Image for A Death In Interview Room 1

March 13, 2017

TASMANIA ~ The trout have been quiet, and there is no tale to tell, so Leon Compton casts out for his first radio interview of the day on Tasmania’s local political hour ...

Miles Hampton is the Chair of TasWater.  He joins us in the studio this morning.  Miles Hampton, good morning to you.

Compton’s voice reaches over Tasmania’s autumn airwaves, falling to towns like Pioneer in the north-east, where, hitherto, lead-contaminated drinking water drips from Ye Olde taps for those who are yet to receive from TasWater a rainwater tank, more than four years since the alert in 2012.

Good morning, Leon. Chairman Hampton speaks with a smooth voice. 

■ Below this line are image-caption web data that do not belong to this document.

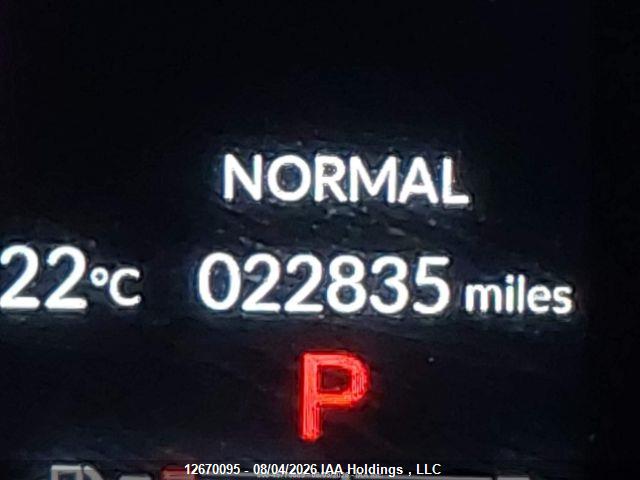 2025 Honda Cr-v Sport მანქანა იყიდება აუქციონზე, vin: 2HKRS4H57SH110901, აუქციონის ნომერი: 12670095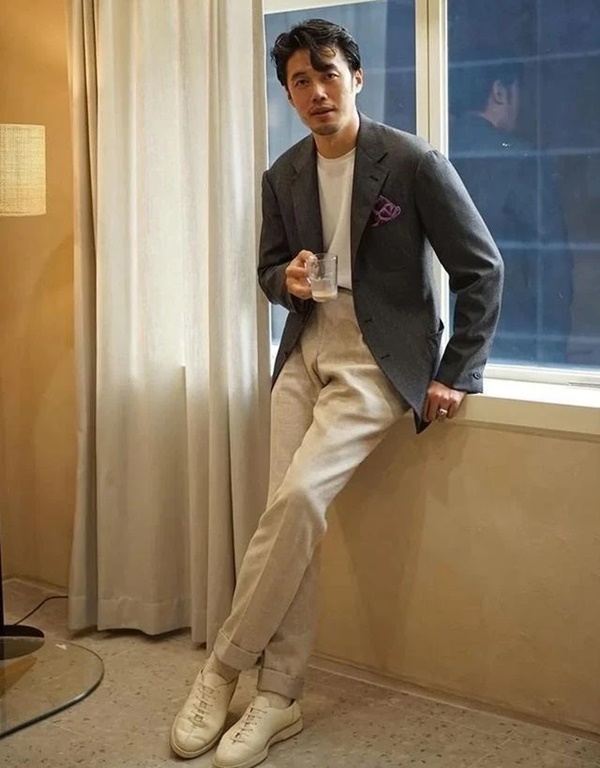 Đàn ông tuổi thọ ngắn thường yếu ở 5 chỗ: Sau 60 tuổi mà không có chứng tỏ thể lực còn sung mãn-1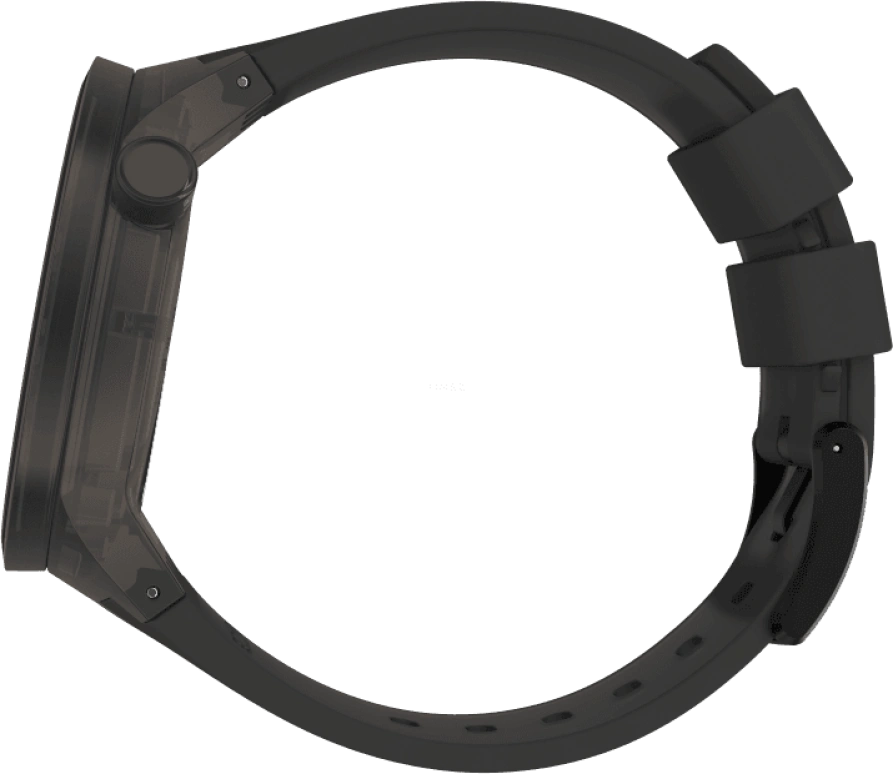 Swatch,THE BOLD 47mm,47mm,Plastic,Coffee,Brown,SO27B115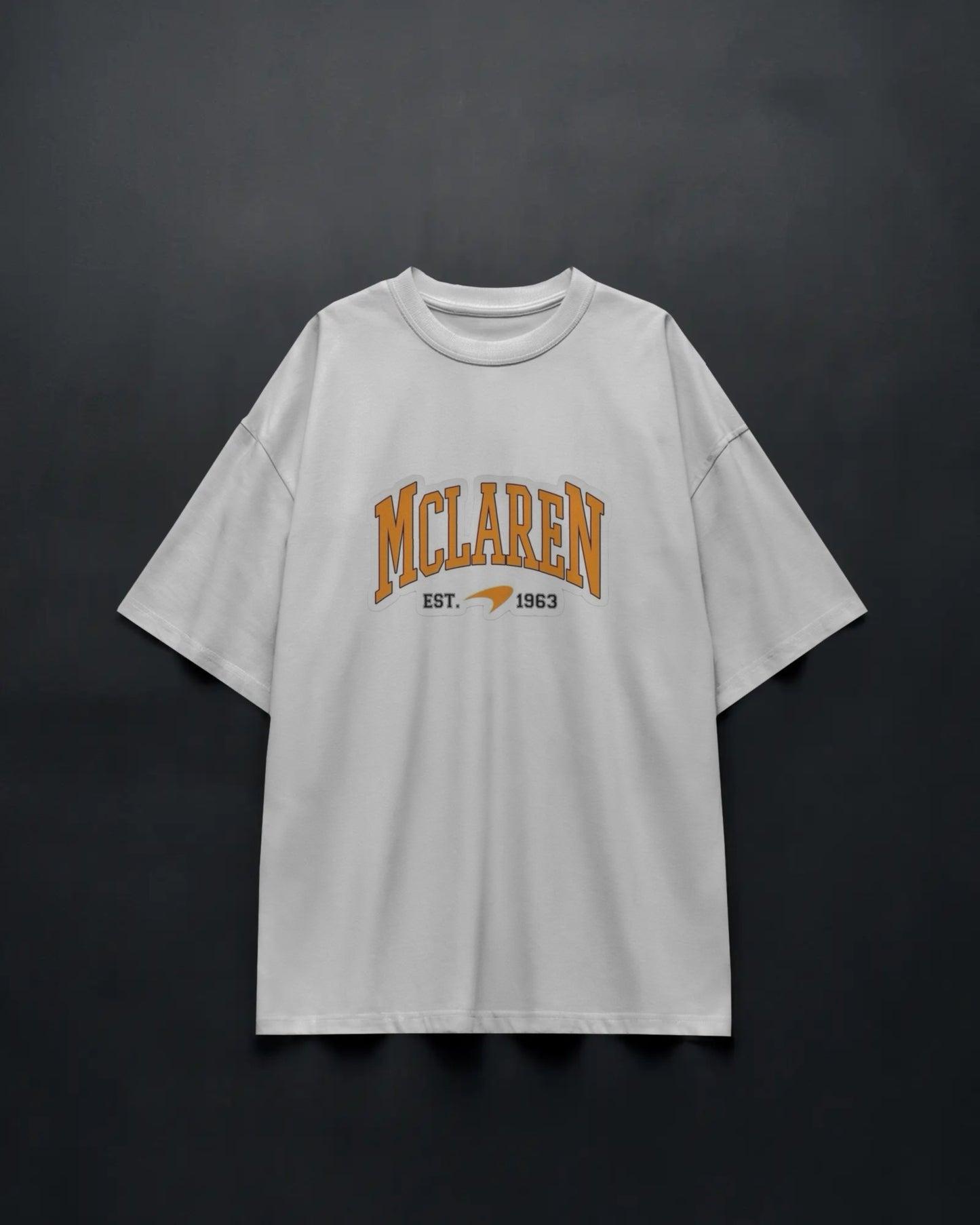 McLaren Heritage Club Tee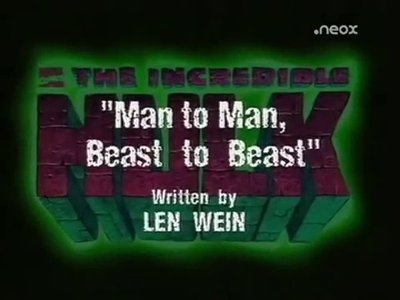 tv poster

And thank you for coming in this morning, says Compton.

Compton begins: 

If this proposal by the State government can deliver a doubling in the speed of infrastructure improvements, and keep costs lower than you promised us in the studio in the latter part of last year, why wouldn’t that be a good thing for Tasmania?

Chairman Hampton, streaming live on webcam, blue eyes, clear as pools, peering through rimless spectacles:

... First, I’d just like to set the record straight ...

Reading from a written statement, Chairman Hampton stammers ...

In parliament last week, the Treasurer said that he had repeatedly told TasWater that he wanted faster progress.  The Treasurer said:

‘Since coming to government I have repeatedly made my concerns known to TasWater and its owners’.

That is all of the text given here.